Overusing Identities

  • Gary Varga (3/1/2010)


    A great example of this is when systems use email addresses as the ID. Unless you maintain your own domain, all it takes is a change in company (even a rebranding) or ISP and you might no longer have access to that email address.

    Sure we can blame the users, Business Analysts, application developers, database developers, user acceptance testers and such like but that doesn't resolve this type of issue. Change is very expensive in systems.

    That kind of change isn't necessarily expensive if it is foreseen by the designers. An email address is a perfectly reasonable unique identifier provided you have the ability to change it. Changing an email address key is ultimately a tiny change if the system is designed for it.

  • David Portas (3/2/2010)


    Gary Varga (3/1/2010)


    A great example of this is when systems use email addresses as the ID. Unless you maintain your own domain, all it takes is a change in company (even a rebranding) or ISP and you might no longer have access to that email address.

    Sure we can blame the users, Business Analysts, application developers, database developers, user acceptance testers and such like but that doesn't resolve this type of issue. Change is very expensive in systems.
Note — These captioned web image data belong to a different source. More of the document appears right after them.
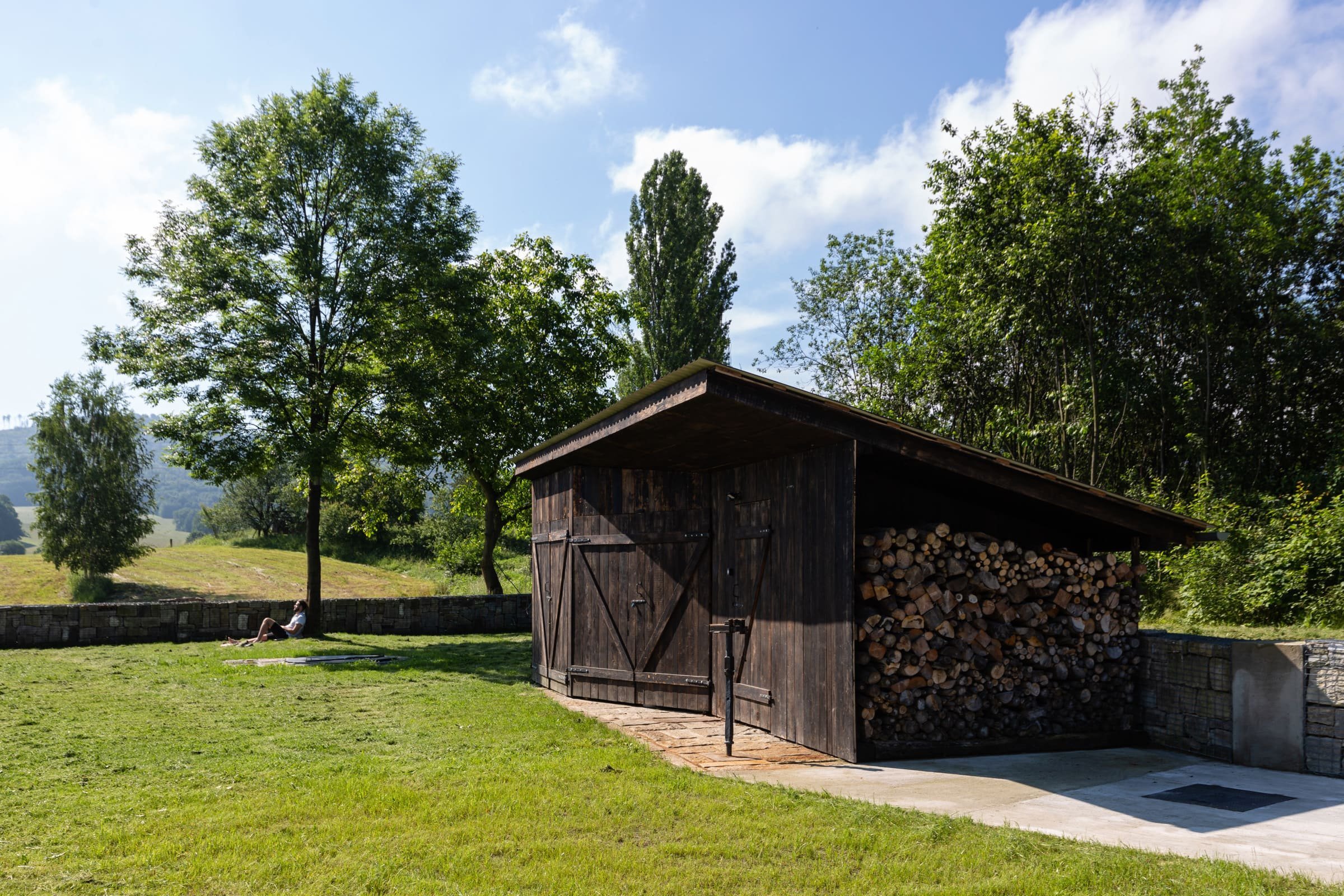 Vysněný dům pro rodiče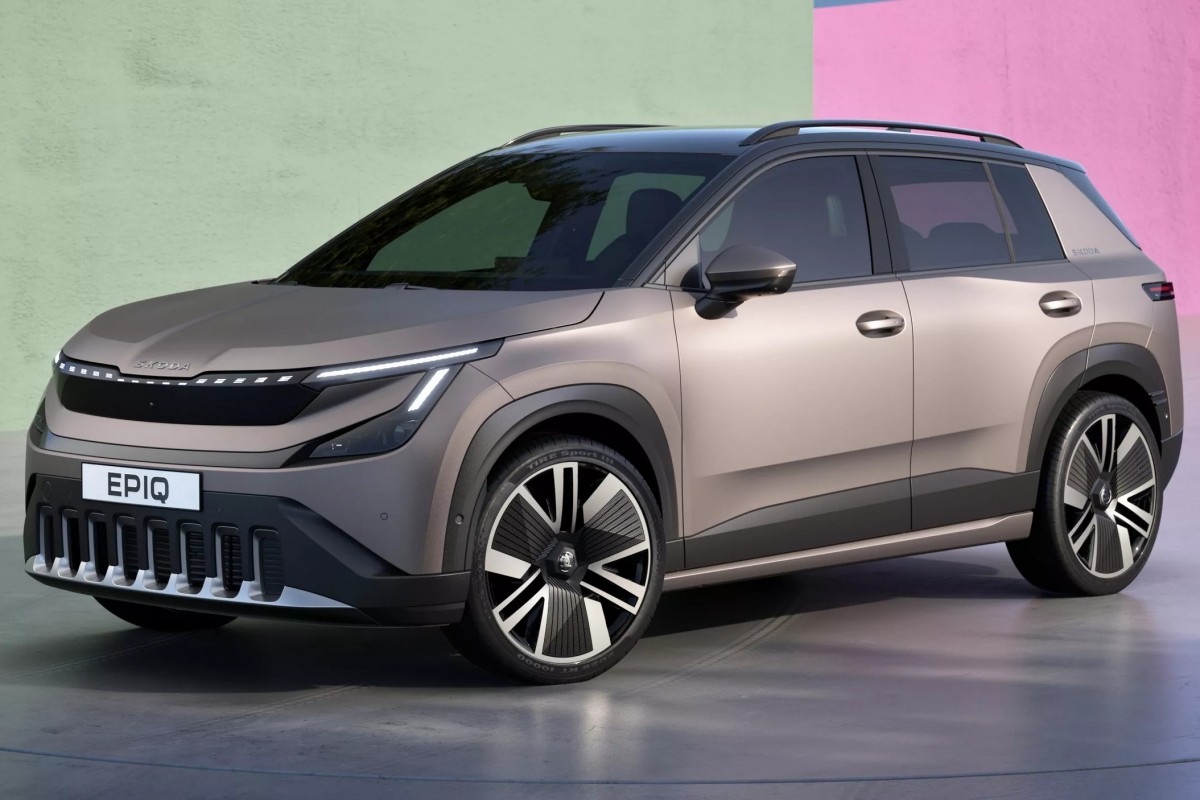 Epiq是Škoda即將在2026年中市售的首款小型電動SUV,預計在德國的起售價約25,330歐元(約台幣90.4萬元),相當接近Škoda的中型燃油休旅車Kamiq定價。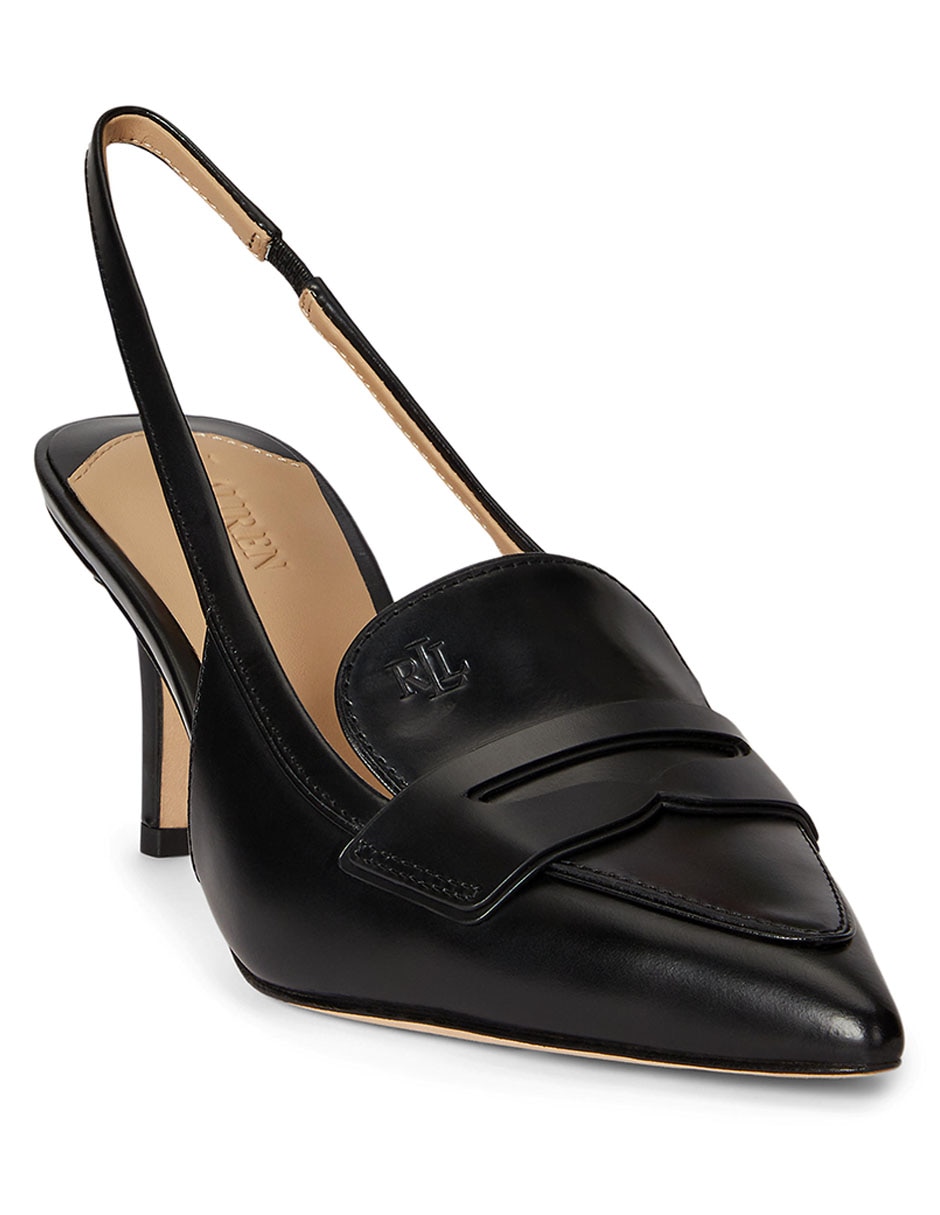 Zapatilla piel 4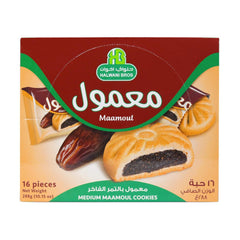 HB Halwani Bros front packaging shows brand and product freshness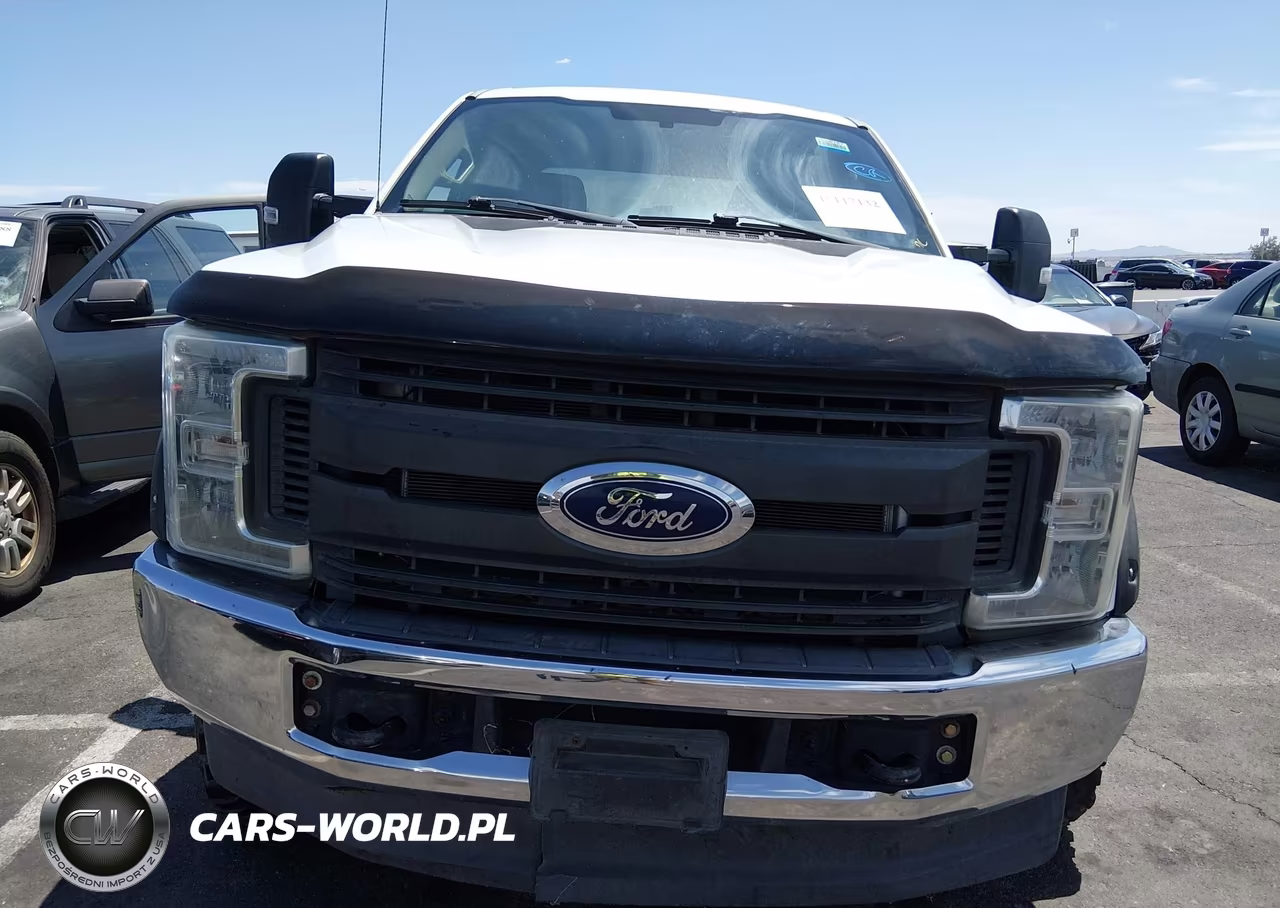 2017 Ford F-250 Xl VIN:1FT7W2BT6HED77172 - 12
    That kind of change isn't necessarily expensive if it is foreseen by the designers. An email address is a perfectly reasonable unique identifier provided you have the ability to change it. Changing an email address key is ultimately a tiny change if the system is designed for it.

    I don't disagree with David's point, however, I guess part of what I was trying to say, and didn't explicitly, is that sometimes requirements are not fully captured and information is used as keys in the technical implementation when the consequences of that implementation on the operational use of the data is not fully understood.

    Gaz

    -- Stop your grinnin' and drop your linen...they're everywhere!!!

  • Steve Jones - Editor (3/1/2010)


    I think Roger has put things well. I'm not saying you don't have a PK. I'm saying identities work well in that role.

    I agree that they can, just that it's not optimal, especially when one starts abstracting relations. The real atrocity is when one uses an identity, but fails to make the PK unique. One here is that they used identities throughout, and for example, a 'Poles' table has a Pole_Nbr attribute, but it's not unique. We now have duplicate Poles throughout the district 🙁 Yet another bit of magic to be levied in its resolution... 😎

    Dr. Les Cardwell, DCS-DSS
    Enterprise Data Architect
    Central Lincoln PUD

  • An email address is a perfectly reasonable unique identifier provided you have the ability to change it.

    David,

    You have got to be kindding. Not everyone has an email address and some people share an email address . . . either of which breaks the "unique identifier" aspect of an email address. You might as well say that a First, Middle, & Last Name or a telephone number (even including the country code) form a "reasonable unique identifier"!

    Ralph D. Wilson II
    Development DBA

    "Give me 6 hours to chop down a tree and I will spend the first 4 sharpening the ax."
    A. Lincoln

  • Les,

    The real atrocity is when one uses an identity, but fails to make the PK unique.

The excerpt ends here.